> **What you have to do**
Only one stretch of the data is wanted: the line containing "AI-generated SVG of", the line containing "Toalha De Mesa", and every line between them, copied exactly.

Start of Data

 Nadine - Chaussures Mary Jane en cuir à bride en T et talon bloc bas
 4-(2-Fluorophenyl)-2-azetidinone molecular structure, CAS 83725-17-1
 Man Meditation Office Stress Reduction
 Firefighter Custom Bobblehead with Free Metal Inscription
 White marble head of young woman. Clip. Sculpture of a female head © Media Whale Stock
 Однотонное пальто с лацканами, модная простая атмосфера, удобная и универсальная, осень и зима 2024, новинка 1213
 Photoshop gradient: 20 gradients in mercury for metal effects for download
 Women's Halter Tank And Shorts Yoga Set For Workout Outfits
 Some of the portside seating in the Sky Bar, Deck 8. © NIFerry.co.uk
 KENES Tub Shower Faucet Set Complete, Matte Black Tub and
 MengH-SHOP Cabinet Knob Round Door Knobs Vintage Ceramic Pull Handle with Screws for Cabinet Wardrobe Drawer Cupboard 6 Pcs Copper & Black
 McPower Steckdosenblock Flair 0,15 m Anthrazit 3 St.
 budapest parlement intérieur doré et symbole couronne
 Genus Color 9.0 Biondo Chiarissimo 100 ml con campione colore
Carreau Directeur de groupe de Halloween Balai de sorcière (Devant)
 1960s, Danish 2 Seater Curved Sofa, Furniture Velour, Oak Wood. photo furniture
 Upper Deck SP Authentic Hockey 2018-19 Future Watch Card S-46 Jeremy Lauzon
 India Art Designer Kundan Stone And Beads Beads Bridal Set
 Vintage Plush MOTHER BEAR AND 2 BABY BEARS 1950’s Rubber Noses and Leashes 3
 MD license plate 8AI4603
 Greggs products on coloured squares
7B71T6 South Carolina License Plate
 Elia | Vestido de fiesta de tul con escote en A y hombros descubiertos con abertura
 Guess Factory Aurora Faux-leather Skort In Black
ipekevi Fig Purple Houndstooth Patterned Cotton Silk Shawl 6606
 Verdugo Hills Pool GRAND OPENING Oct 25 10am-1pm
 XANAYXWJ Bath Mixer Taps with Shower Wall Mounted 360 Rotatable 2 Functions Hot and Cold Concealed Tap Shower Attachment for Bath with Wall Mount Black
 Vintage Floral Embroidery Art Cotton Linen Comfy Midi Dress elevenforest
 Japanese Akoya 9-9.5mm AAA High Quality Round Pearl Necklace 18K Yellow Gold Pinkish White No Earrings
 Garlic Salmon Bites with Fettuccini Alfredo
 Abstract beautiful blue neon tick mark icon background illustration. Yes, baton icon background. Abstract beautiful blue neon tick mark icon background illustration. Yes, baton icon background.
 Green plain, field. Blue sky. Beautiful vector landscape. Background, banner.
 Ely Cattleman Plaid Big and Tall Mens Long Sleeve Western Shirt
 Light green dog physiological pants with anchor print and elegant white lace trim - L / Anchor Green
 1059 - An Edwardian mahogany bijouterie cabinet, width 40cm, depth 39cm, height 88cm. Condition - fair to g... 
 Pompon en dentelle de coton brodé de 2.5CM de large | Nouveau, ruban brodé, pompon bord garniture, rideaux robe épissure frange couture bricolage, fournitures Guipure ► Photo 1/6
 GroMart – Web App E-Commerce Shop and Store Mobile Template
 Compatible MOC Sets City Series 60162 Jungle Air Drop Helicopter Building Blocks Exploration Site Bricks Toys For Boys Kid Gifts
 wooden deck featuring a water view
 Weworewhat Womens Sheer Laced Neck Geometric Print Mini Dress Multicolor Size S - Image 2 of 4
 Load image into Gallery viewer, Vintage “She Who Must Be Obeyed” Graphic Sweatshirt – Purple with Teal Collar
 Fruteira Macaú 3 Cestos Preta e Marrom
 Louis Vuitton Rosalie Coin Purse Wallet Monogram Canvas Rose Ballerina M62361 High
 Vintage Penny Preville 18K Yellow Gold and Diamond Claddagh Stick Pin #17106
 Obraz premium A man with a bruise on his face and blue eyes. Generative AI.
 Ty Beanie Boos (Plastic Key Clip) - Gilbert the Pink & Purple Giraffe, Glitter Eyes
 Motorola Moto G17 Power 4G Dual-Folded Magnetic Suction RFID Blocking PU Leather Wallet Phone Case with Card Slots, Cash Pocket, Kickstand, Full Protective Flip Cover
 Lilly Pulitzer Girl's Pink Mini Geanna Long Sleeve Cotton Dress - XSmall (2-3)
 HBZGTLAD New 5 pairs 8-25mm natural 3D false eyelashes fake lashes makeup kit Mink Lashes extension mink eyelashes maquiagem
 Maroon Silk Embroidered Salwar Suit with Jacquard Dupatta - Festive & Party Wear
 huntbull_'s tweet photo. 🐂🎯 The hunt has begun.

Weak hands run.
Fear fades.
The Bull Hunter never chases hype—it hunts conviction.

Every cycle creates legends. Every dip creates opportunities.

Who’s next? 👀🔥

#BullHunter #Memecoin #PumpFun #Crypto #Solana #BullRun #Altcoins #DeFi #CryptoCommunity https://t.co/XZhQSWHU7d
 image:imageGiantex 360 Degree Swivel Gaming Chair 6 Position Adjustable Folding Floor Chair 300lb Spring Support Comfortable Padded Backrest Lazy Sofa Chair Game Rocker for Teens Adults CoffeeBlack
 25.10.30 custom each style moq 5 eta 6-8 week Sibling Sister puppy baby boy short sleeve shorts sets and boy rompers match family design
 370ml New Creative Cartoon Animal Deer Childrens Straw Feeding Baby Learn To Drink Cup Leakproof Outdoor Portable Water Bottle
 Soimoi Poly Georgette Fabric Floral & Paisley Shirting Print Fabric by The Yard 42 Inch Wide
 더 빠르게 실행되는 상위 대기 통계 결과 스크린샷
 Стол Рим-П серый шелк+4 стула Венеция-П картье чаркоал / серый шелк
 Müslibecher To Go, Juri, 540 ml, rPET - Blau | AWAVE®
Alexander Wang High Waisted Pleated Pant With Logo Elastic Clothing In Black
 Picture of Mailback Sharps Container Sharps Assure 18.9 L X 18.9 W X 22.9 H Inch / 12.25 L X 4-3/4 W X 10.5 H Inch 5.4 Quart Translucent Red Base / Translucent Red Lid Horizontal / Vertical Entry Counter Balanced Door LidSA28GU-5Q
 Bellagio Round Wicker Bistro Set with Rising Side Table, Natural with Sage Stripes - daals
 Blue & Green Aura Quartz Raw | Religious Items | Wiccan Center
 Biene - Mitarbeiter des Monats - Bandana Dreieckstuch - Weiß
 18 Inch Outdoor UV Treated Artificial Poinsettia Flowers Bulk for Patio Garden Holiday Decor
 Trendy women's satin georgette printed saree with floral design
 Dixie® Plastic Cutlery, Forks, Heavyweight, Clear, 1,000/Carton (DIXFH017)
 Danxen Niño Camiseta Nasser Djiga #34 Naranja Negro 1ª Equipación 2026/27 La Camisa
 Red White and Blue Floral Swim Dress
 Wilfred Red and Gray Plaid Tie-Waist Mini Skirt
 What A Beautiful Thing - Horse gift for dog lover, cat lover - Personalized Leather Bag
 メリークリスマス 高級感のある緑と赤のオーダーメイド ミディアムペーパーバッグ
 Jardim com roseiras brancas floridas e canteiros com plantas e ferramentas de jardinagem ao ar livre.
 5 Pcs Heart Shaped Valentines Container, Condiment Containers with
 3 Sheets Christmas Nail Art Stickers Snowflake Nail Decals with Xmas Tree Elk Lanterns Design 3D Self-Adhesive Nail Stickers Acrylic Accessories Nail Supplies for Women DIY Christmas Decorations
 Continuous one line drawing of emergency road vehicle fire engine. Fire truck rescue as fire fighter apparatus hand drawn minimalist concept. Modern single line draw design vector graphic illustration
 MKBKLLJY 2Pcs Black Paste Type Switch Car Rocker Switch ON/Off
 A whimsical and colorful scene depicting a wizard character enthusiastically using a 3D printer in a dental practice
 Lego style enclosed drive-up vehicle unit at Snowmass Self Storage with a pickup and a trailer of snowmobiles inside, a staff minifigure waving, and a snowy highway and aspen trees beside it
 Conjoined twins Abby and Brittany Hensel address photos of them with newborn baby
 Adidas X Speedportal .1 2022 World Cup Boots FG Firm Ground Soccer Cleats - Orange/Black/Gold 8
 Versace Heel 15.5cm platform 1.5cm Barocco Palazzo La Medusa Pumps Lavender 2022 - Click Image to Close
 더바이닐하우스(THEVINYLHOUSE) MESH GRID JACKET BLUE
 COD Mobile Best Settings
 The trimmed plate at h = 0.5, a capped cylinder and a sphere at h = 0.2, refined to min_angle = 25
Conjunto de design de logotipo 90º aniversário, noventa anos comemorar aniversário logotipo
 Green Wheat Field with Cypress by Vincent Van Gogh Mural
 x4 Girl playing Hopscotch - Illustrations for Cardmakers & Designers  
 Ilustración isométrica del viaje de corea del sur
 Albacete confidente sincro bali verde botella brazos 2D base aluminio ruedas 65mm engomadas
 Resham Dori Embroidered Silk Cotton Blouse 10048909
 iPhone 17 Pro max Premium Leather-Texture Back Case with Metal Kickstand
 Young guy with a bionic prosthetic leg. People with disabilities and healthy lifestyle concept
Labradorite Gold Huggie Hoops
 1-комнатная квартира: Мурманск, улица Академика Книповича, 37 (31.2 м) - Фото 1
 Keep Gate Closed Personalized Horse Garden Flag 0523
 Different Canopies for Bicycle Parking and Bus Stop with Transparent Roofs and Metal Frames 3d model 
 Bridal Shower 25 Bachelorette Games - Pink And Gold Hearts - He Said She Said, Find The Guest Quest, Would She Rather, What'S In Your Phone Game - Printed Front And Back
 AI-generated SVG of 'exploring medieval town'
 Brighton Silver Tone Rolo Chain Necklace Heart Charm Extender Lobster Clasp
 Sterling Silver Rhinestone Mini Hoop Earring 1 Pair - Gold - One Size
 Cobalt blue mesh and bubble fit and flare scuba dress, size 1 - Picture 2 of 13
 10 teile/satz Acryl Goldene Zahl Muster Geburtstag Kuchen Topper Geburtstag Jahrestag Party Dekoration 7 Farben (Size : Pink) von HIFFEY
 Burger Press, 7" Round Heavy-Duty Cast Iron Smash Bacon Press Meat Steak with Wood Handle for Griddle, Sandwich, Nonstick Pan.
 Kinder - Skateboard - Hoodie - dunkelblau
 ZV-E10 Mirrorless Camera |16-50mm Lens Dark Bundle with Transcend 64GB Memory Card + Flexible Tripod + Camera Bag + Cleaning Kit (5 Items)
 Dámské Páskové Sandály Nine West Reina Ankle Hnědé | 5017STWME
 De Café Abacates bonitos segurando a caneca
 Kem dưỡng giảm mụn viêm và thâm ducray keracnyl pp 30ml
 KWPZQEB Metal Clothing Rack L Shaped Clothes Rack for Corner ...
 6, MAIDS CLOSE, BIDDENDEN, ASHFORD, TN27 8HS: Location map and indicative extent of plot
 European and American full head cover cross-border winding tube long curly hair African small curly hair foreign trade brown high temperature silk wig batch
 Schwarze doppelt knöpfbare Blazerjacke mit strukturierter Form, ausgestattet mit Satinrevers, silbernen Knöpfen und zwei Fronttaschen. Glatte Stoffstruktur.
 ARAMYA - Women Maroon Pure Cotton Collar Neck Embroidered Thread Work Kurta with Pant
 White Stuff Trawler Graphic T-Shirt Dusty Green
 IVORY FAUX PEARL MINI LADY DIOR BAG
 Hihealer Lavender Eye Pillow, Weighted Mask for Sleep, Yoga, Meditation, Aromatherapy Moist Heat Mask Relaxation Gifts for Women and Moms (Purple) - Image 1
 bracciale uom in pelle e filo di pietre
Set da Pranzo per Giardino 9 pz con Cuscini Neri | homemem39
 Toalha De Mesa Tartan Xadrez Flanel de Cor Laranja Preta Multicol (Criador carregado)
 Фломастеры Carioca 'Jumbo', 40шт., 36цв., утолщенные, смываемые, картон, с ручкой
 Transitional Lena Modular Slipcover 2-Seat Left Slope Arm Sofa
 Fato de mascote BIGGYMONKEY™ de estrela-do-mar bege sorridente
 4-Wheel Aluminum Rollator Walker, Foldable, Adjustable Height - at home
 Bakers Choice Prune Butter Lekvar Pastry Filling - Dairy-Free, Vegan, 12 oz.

End of Data

> **Exercise response**
 AI-generated SVG of 'exploring medieval town'
 Brighton Silver Tone Rolo Chain Necklace Heart Charm Extender Lobster Clasp
 Sterling Silver Rhinestone Mini Hoop Earring 1 Pair - Gold - One Size
 Cobalt blue mesh and bubble fit and flare scuba dress, size 1 - Picture 2 of 13
 10 teile/satz Acryl Goldene Zahl Muster Geburtstag Kuchen Topper Geburtstag Jahrestag Party Dekoration 7 Farben (Size : Pink) von HIFFEY
 Burger Press, 7" Round Heavy-Duty Cast Iron Smash Bacon Press Meat Steak with Wood Handle for Griddle, Sandwich, Nonstick Pan.
 Kinder - Skateboard - Hoodie - dunkelblau
 ZV-E10 Mirrorless Camera |16-50mm Lens Dark Bundle with Transcend 64GB Memory Card + Flexible Tripod + Camera Bag + Cleaning Kit (5 Items)
 Dámské Páskové Sandály Nine West Reina Ankle Hnědé | 5017STWME
 De Café Abacates bonitos segurando a caneca
 Kem dưỡng giảm mụn viêm và thâm ducray keracnyl pp 30ml
 KWPZQEB Metal Clothing Rack L Shaped Clothes Rack for Corner ...
 6, MAIDS CLOSE, BIDDENDEN, ASHFORD, TN27 8HS: Location map and indicative extent of plot
 European and American full head cover cross-border winding tube long curly hair African small curly hair foreign trade brown high temperature silk wig batch
 Schwarze doppelt knöpfbare Blazerjacke mit strukturierter Form, ausgestattet mit Satinrevers, silbernen Knöpfen und zwei Fronttaschen. Glatte Stoffstruktur.
 ARAMYA - Women Maroon Pure Cotton Collar Neck Embroidered Thread Work Kurta with Pant
 White Stuff Trawler Graphic T-Shirt Dusty Green
 IVORY FAUX PEARL MINI LADY DIOR BAG
 Hihealer Lavender Eye Pillow, Weighted Mask for Sleep, Yoga, Meditation, Aromatherapy Moist Heat Mask Relaxation Gifts for Women and Moms (Purple) - Image 1
 bracciale uom in pelle e filo di pietre
Set da Pranzo per Giardino 9 pz con Cuscini Neri | homemem39
 Toalha De Mesa Tartan Xadrez Flanel de Cor Laranja Preta Multicol (Criador carregado)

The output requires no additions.